Gilles Detillieux (grdetil@scrc.umanitoba.ca)
Tue, 26 Jan 1999 11:47:01 -0600 (CST)

According to Alister van Tonder:
> My htmerge job often runs for several DAYS!!
> Even when I kill the job (after several days) it has produced a working
> searchable database!
> This particular job was started at 20h01 on Jan 22nd. The files below
> were created 10 minutes later. In the mean time htmerge continues as a
> job, usually taking all available CPU resources, and continues (until I
> eventually) have to kill it.
> A directory listing of the ~/htdig/lib/db directory is as follows:
> drwxr-xr-x 2 root root 11264 Jan 24 07:26 .
> drwxr-xr-x 4 root root 1024 Jan 1 10:19 ..
> -rw-r--r-- 1 root root 33153024 Jan 22 20:10 db.docdb
> -rw-rw-r-- 1 root root 740352 Jan 1 11:04 db.docs.index
> -rw-rw-r-- 1 root root 2430976 Jan 2 01:35 db.metaphone.db
> -rw-rw-r-- 1 root root 1686528 Jan 2 01:35 db.soundex.db
> -rw-r--r-- 1 root root 47838678 Jan 22 20:10 db.wordlist
> -rw-r--r-- 1 root root 12288 Jan 22 20:12 db.wordlist.new
> -rw-rw-r-- 1 root root 69552128 Jan 12 01:02 db.words.db
> -rw------- 1 root root 8388368 Jan 22 20:11 sort0795500092
> -rw------- 1 root root 8388371 Jan 22 20:11 sort0795500093
> -rw------- 1 root root 8388365 Jan 22 20:11 sort0795500094
> -rw------- 1 root root 8388309 Jan 22 20:11 sort0795500095
> -rw------- 1 root root 8388340 Jan 22 20:11 sort0795500096
> -rw------- 1 root root 5896925 Jan 22 20:12 sort0795500097

These files suggest to me that htmerge is either hanging altogether, or
crawling through the sorted db.wordlist generated by the sort program,
and read by htmerge/words.cc. The fact that the sort temporary files
add up to about the size of db.wordlist suggests the sort completed,
and the sort program was merging its final output into the pipe. But,
db.wordlist.new is tiny in comparison, so htmerge didn't get very far
in the sorted output.

Does db.wordlist.new slowly increase in size, or does it stay stuck at
the size shown there? The mod. time suggests a lack of writing for some
time, if you got the listing days after.

> This job has run 4500 minutes and is causing a heavy (unnessary) load on
> the system!
> 7954 root 16 0 640 640 472 R 0 99.0 2.0 4509m htmerg

Looks like an infinite loop to me, but the only way to really nail it down
would be to get a core dump of it. Could you kill htmerge with a signal
that gives you a core dump, and get a stack backtrace? If htmerge is
stripped, you may want to recompile it and try the non-stripped version.

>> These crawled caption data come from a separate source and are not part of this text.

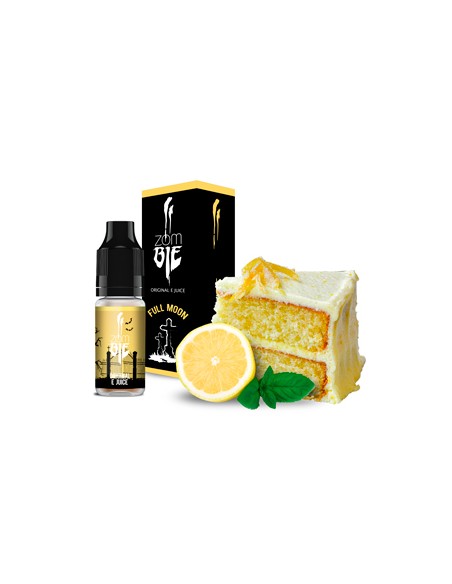 ZomBie Full Moon Tarta Limon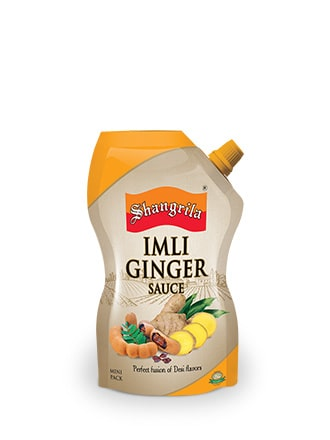 SHANGRILA IMLI GINGER SAUCE 225GM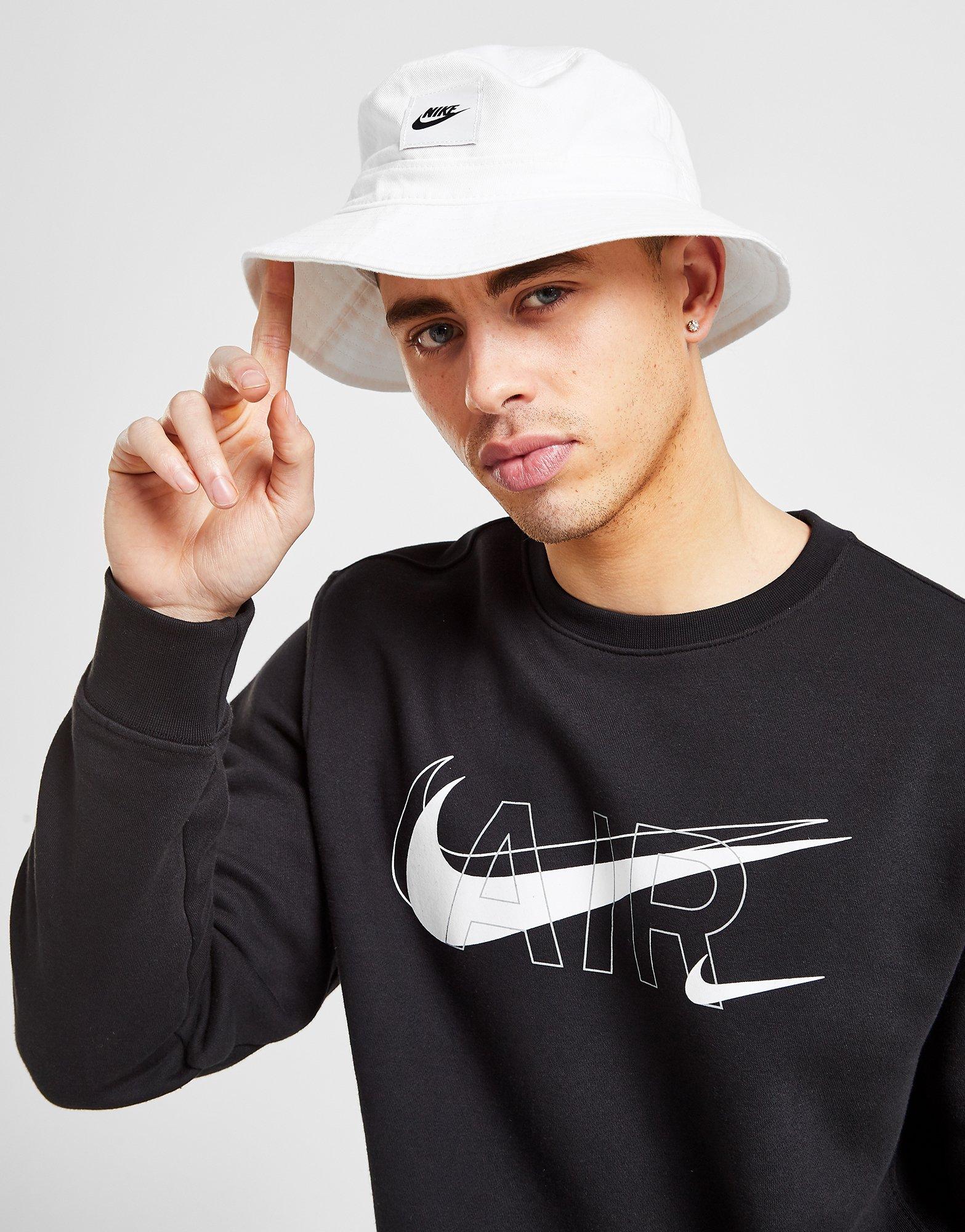 nike air fleece crewneck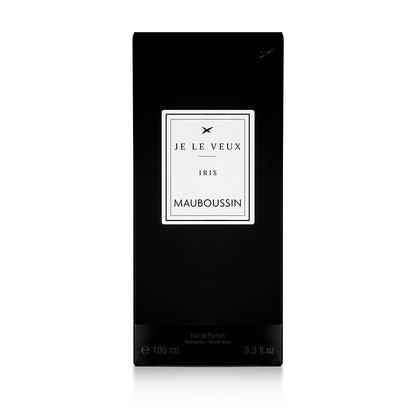 JE LE VEUX IRIS EDP PERFUME by MAUBOUSSIN at Sundora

> Is a configuration error causing this problem ?

Seems unlikely to me, but without knowing where htmerge is hanging, it's
hard to say.

> My rundig is virtually standard:

Your rundig script looks just like the one from the htdig-3.1.0b1
RPMs I built in September. Are you running on a Red Hat Linux system?
Which version and platform? Are you running a more recent htdig, but
with the old rundig script, or are you still running 3.1.0b1? If so,
you may want to try 3.1.0b4 and see if it still has the same problem.